**Instructions to follow**
Wherever a picture appears in the listing below, leave it out and reproduce the rest exactly.

**Available data**
______________________________
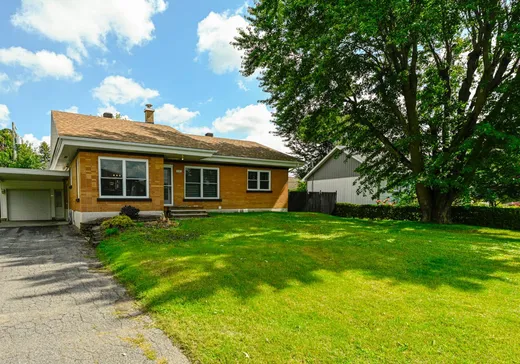 Maison à vendre - 3585 Rue Hamel, Saint-Jean-Baptiste, J0L 2B0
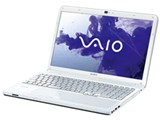 VAIO CV[Y VPCCB38FJ/W [zCg] i摜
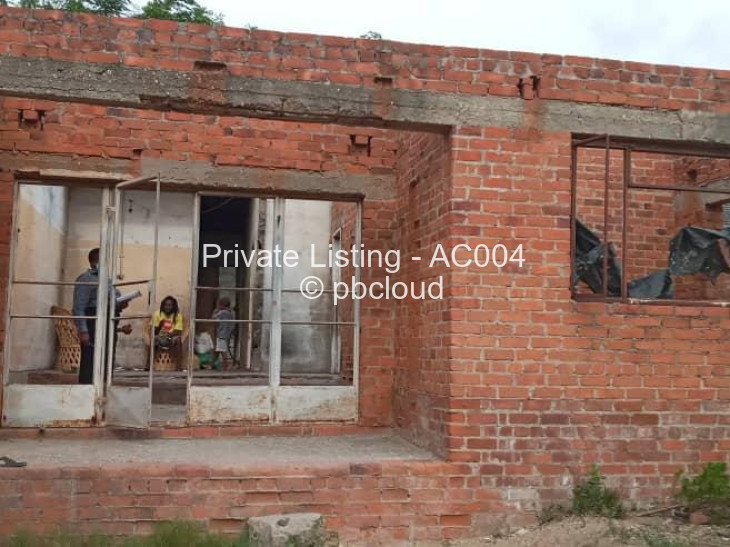 1 Bedroom House for Sale in Dangamvura, Mutare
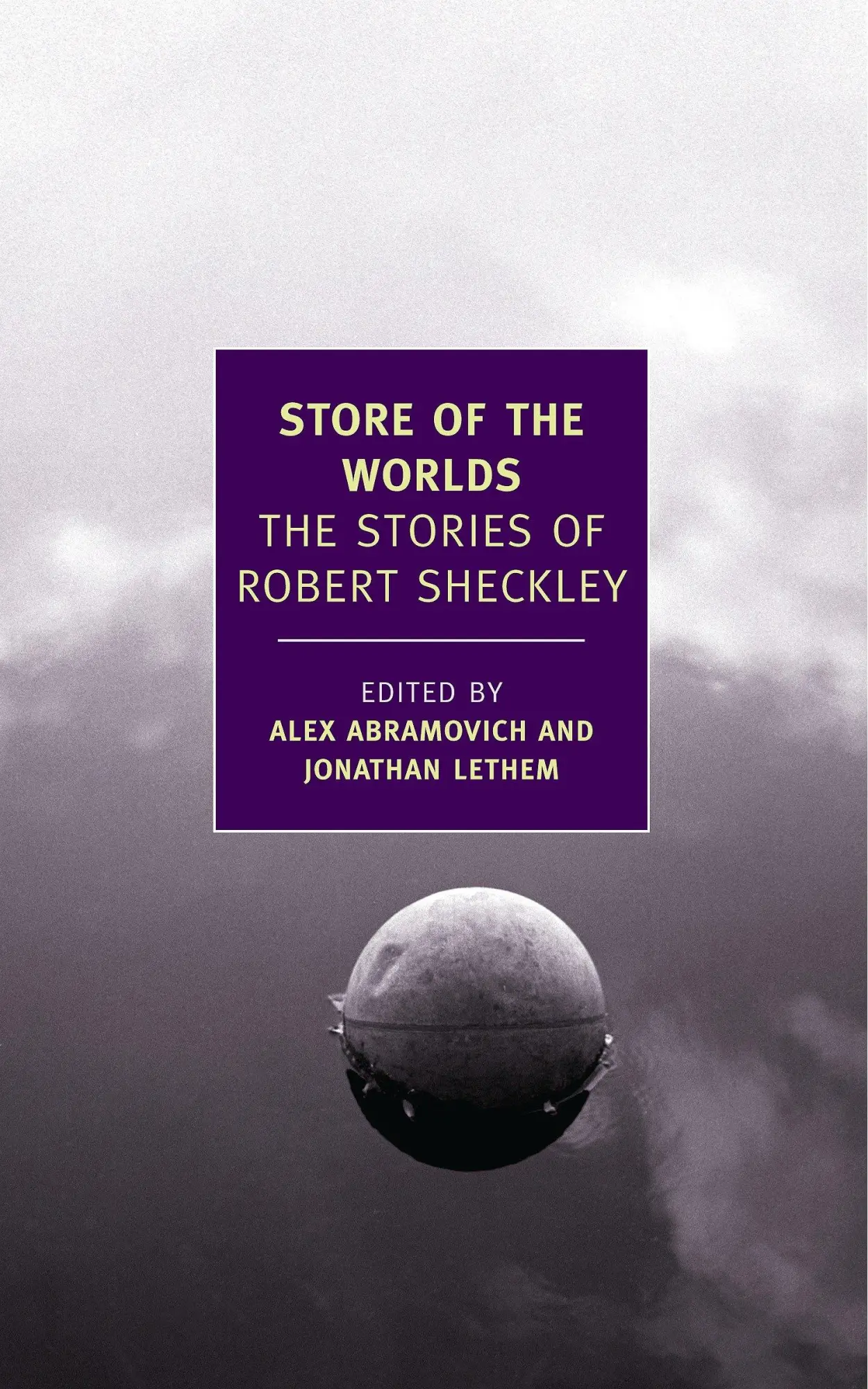 Cover: 9781590174944 | Store of the Worlds | The Stories of Robert Sheckley | Robert Sheckley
______________________________
**Answer**
 Maison à vendre - 3585 Rue Hamel, Saint-Jean-Baptiste, J0L 2B0
 VAIO CV[Y VPCCB38FJ/W [zCg] i摜
 1 Bedroom House for Sale in Dangamvura, Mutare
 Cover: 9781590174944 | Store of the Worlds | The Stories of Robert Sheckley | Robert Sheckley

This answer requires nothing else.